> [Given records]:
########
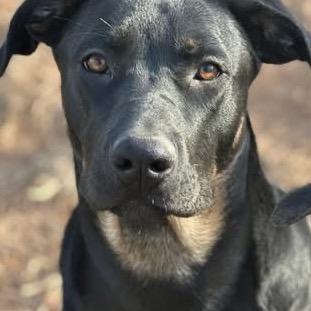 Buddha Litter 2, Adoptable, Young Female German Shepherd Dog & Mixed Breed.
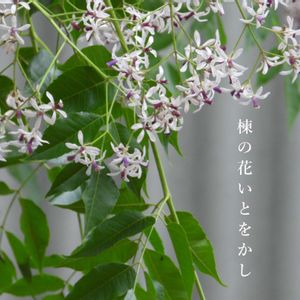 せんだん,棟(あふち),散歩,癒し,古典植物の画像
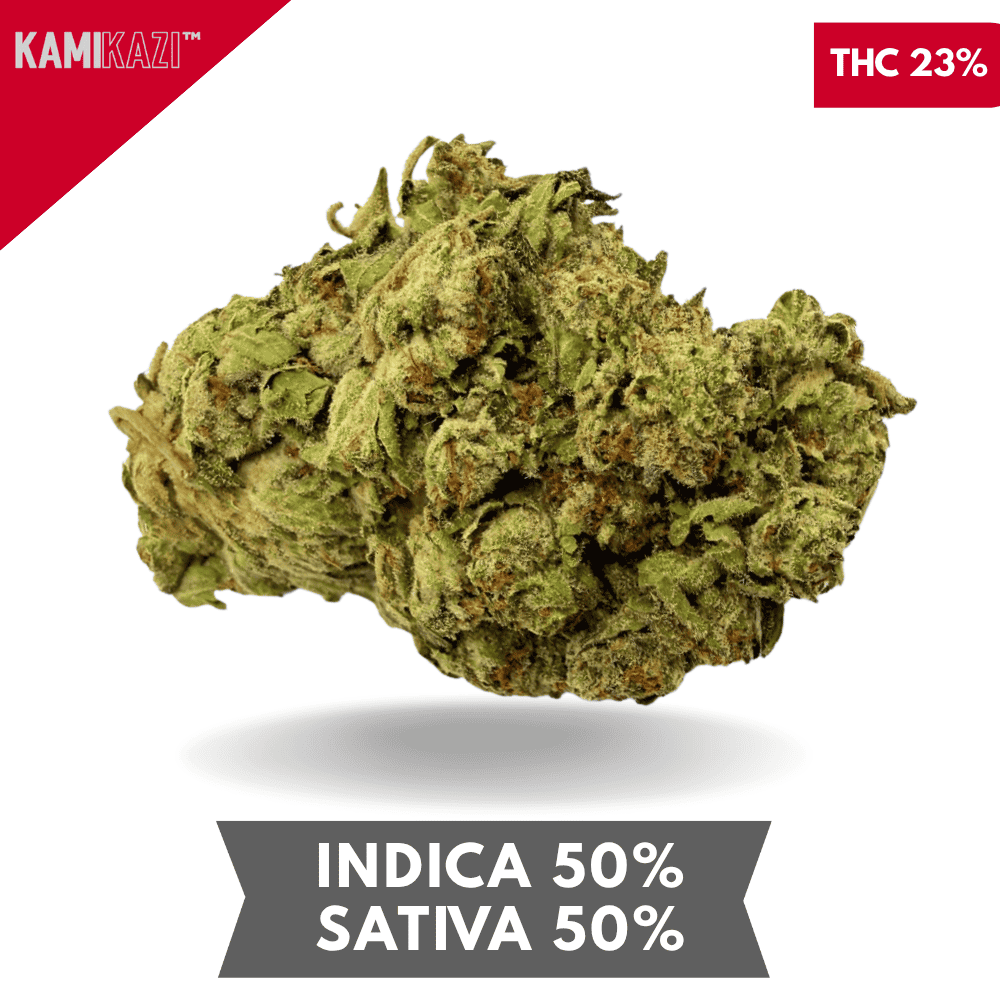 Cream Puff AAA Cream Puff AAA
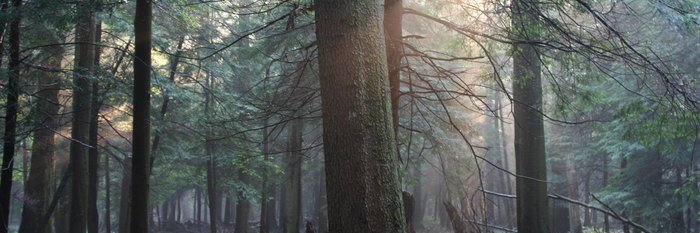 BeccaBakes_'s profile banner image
########
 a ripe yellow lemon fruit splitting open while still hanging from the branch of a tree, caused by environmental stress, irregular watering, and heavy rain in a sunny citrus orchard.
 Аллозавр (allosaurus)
########
> [Work instructions]: The lines above starting at the one that holds "Buddha Litter 2, Adoptable, Young" and ending at the one that holds "BeccaBakes_'s profile banner image" are to be written out exactly, ends included, and no pictures are to be copied.

> [Answer to this problem]:
 Buddha Litter 2, Adoptable, Young Female German Shepherd Dog & Mixed Breed.
 せんだん,棟(あふち),散歩,癒し,古典植物の画像
 Cream Puff AAA Cream Puff AAA
 BeccaBakes_'s profile banner image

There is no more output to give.